L'Île de France est propice à l'instruction spécifique du géographe-historien. L'excursion à Argenteuil est cruciale. Il a d'abord rédigé une synthèse sur la morphologie des buttes du Parisis, parmi lesquelles figure la butte d'Orgemont, centre de l’excursion. Puis il poursuit comme en Ardenne : « Quelques remarques géographiques encore » (source : cahier Autour de Paris).

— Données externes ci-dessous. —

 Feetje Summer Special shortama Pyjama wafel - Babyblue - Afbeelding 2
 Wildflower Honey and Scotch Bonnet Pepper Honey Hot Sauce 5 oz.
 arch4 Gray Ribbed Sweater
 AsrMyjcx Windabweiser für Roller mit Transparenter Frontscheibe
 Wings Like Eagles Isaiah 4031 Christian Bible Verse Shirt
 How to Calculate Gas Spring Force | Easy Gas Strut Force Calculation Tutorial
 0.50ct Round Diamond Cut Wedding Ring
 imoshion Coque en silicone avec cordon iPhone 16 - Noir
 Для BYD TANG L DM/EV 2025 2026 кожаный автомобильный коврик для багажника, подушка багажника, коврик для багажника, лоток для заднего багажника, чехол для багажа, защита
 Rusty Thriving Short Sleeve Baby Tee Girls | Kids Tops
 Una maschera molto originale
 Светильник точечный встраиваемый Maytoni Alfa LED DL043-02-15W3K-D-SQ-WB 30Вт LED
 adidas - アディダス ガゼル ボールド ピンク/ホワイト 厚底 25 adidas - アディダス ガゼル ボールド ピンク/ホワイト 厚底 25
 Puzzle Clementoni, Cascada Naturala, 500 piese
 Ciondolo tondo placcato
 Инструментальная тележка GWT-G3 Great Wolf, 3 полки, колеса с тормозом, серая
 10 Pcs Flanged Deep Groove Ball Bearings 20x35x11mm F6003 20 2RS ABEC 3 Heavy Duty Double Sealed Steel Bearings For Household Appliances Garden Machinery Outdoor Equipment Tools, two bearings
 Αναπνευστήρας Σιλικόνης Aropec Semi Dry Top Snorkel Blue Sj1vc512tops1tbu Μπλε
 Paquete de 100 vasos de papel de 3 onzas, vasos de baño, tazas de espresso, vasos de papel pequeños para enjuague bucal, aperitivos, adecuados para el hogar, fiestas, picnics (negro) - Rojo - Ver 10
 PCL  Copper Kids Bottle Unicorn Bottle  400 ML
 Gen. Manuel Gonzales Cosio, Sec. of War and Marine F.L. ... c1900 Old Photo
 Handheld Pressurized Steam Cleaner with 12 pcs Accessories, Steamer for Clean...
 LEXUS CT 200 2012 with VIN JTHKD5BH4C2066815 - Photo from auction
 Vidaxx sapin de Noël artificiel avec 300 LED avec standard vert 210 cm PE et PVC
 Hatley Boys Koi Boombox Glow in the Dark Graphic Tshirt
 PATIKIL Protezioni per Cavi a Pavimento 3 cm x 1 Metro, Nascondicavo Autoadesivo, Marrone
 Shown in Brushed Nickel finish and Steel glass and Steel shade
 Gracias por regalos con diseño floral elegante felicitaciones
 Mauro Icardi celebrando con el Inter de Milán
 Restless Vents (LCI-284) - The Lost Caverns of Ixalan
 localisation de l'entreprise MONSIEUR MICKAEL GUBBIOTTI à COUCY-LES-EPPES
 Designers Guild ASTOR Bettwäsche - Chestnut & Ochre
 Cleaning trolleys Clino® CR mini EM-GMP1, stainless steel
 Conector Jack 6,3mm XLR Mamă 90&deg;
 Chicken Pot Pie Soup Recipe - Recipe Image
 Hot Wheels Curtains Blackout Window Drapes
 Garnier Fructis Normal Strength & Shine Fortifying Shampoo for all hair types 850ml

Il développe alors deux points. Il tente d'abord de distinguer dans la végétation locale et les cultures ce qui révèlerait de faits d'adaptation au milieu naturel (sols et microclimats) et ce qui serait induit par la proximité d'un marché de consommation (« le monstre parisien »). Ne se contentant pas de comparer sur le terrain les productions des différents coteaux et buttes, il esquisse une enquête cartographique : « V. mes fiches d'après carte au 80 000e pour plus de détails sur cultures et relief général au N de Paris » (source : cahier Autour de Paris).

 

Le sol écumoire et la ville

Carte postale de la carrière à plâtre d'Orgemont, 1908
Carte postale de la carrière à plâtre d'Orgemont, 1908, source : Cartorum (CC BY SA 3.0)
Autre version visible aux Archives Municipales d'Argenteuil (5F1272)

Là ne s'arrêtent ni sa curiosité ni son envie d'enquête, car la carrière, laboratoire du géologue, se transmue pour De Martonne en objet de géographie urbaine :

« Abondance grandeur des carrières. Évaluer leur superficie leur volume. Chercher renseignement sur leur débit par an.
C'est un fait géographique important, et qui accompagne toutes les grandes villes (et même les villes médiocres Laval) que le sol percé ainsi en écumoire tout alentour. […] Il y a alors là un trait particulier de leur vie. […] C'est quelque chose. »
.

Finalement, sous le regard du géographe, le terrain entier, y compris les « flonflons » dominicaux, fonctionne en « satellite du grand astre parisien ».

 

Les marnes vertes d'Orgemont : page extraite du cahier d'« Excursions géologiques et botaniques autour de Paris » d'Emmanuel de Martonne, 1896
Les marnes vertes d'Orgemont : page extraite du cahier d'« Excursions géologiques et botaniques autour de Paris » d'Emmanuel de Martonne, 1896. [Source : NuBIS.]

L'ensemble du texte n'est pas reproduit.